● Exercise directions
Copy nothing but the lines from the one containing "MN license plate 866TYI" through the last line of the records, repeated exactly and without pictures.

● Records for processing
○ ○ ○ ○ ○ ○ ○

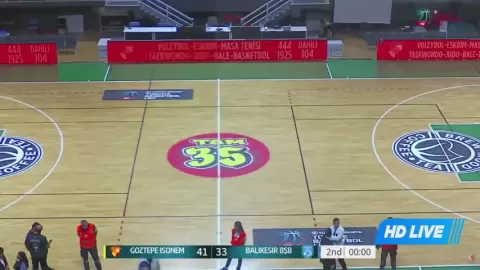 Poster siaran Goztepe VS Balikesir Buyuksehir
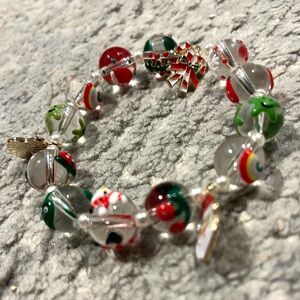 Holiday Beaded Bracelet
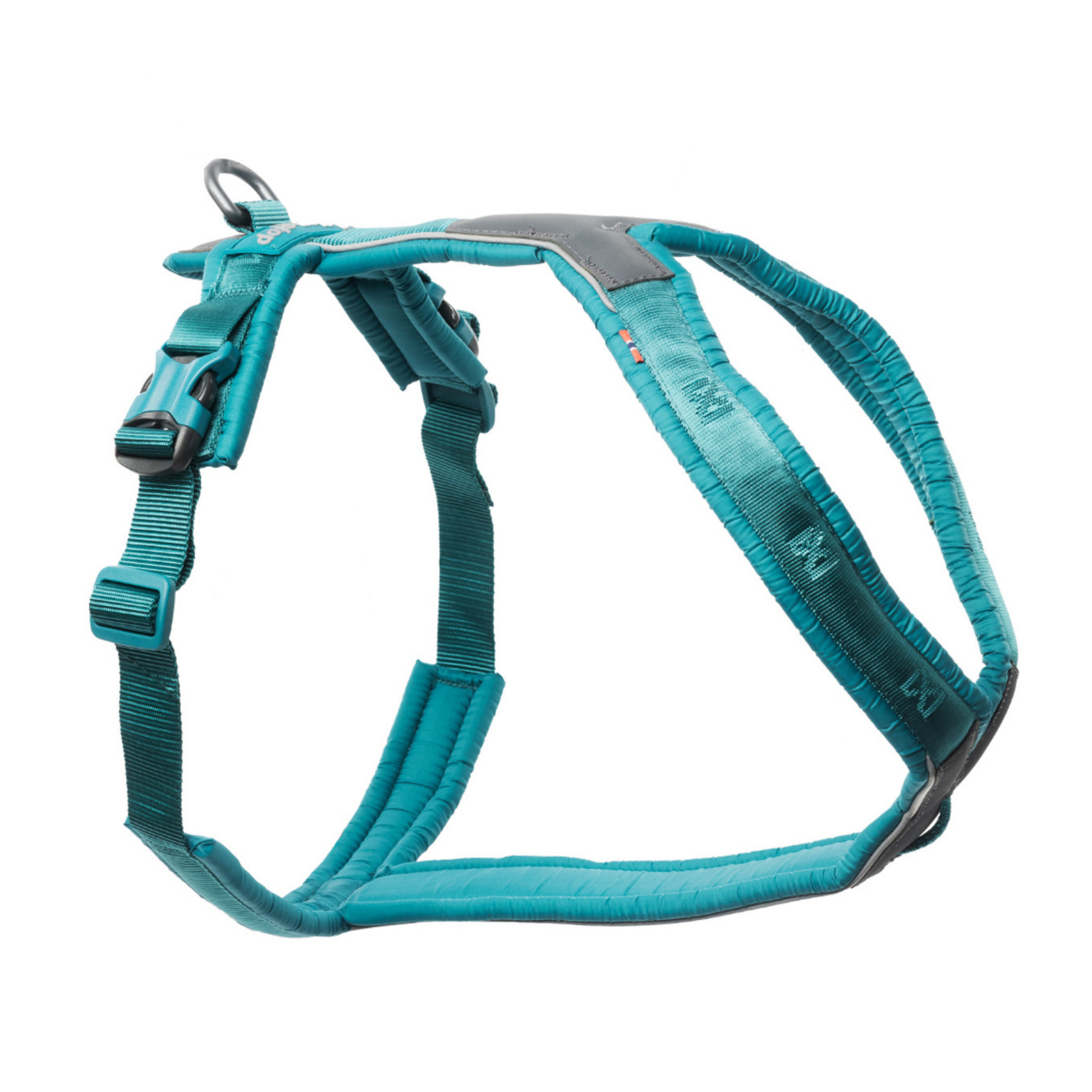 Non-stop Dogwear Line Harness 5.0 Hundegeschirr teal Vorderansicht Produktfoto
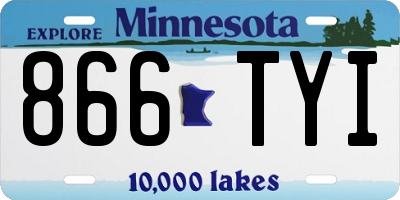 MN license plate 866TYI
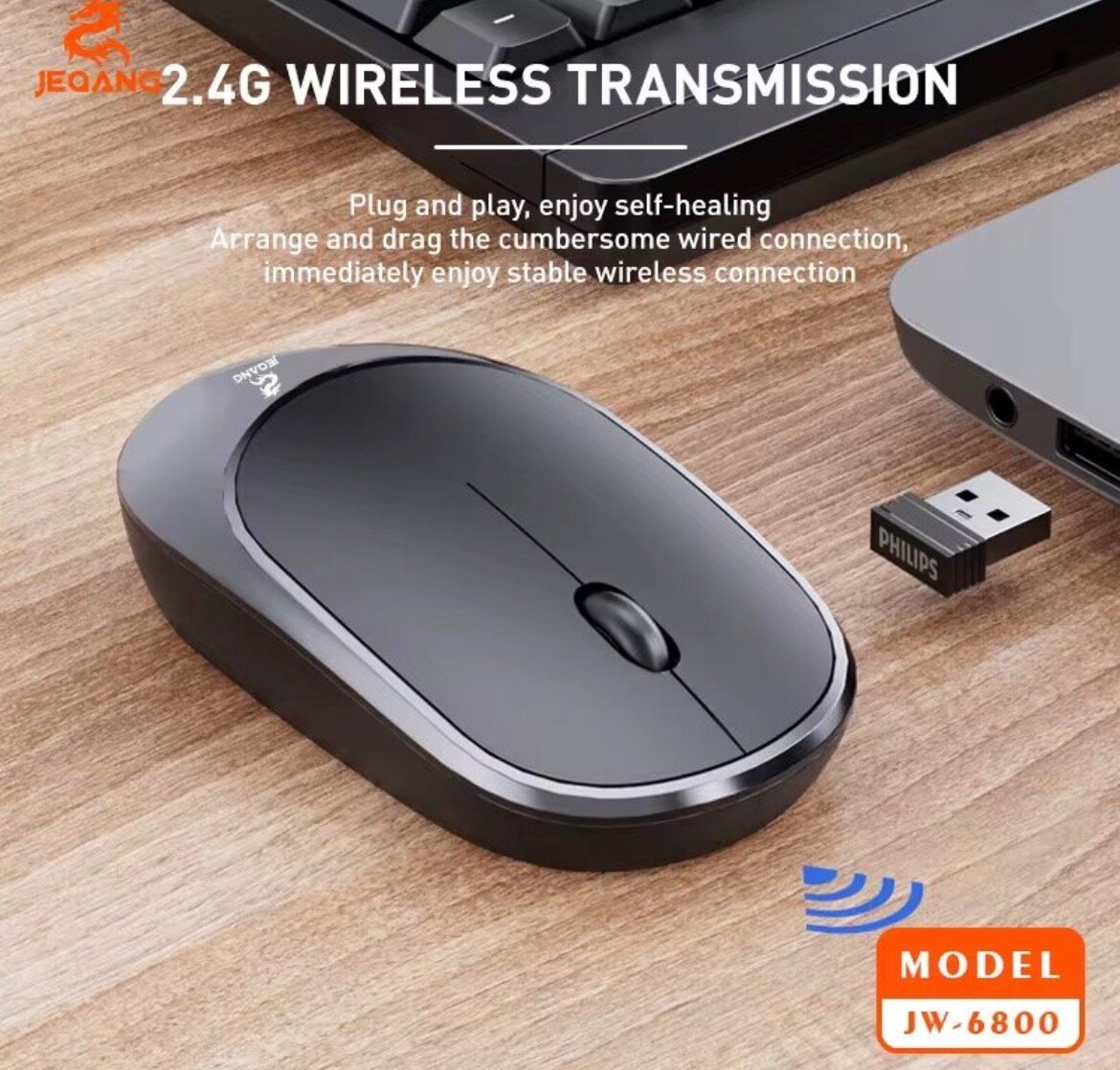 Clavier et Souris Sans Fil Jeqang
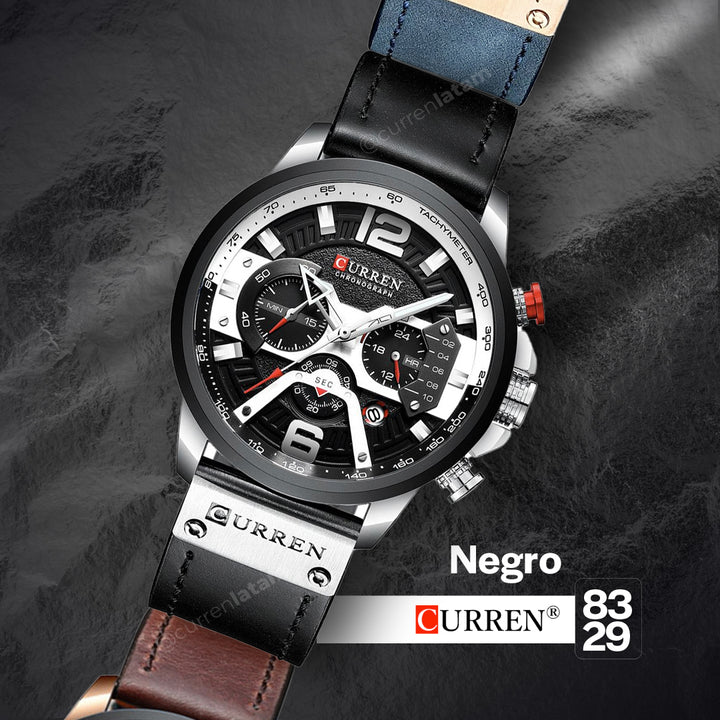 RELOJ CURREN 8329 CRONOGRAFO MANILLA EN CUERO⌚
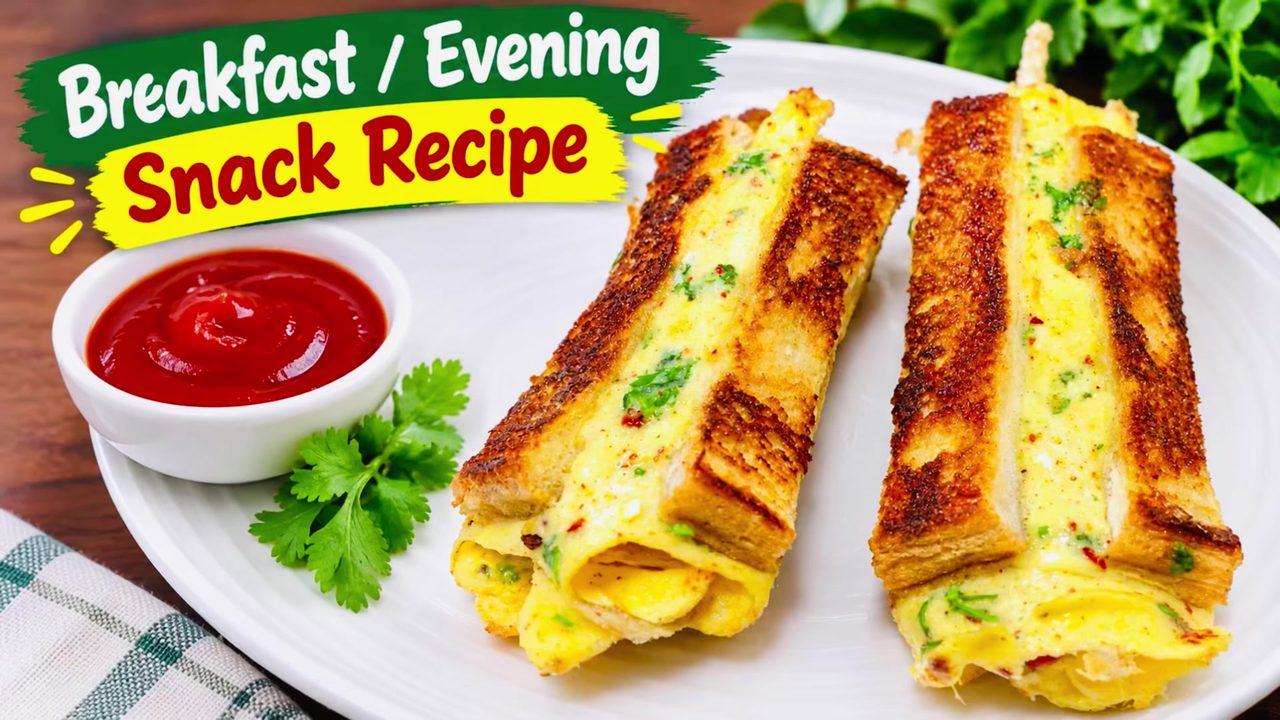 Cheesy Egg Bread Sticks – Quick Snack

○ ○ ○ ○ ○ ○ ○

● Task solution
 MN license plate 866TYI
 Clavier et Souris Sans Fil Jeqang
 RELOJ CURREN 8329 CRONOGRAFO MANILLA EN CUERO⌚
 Cheesy Egg Bread Sticks – Quick Snack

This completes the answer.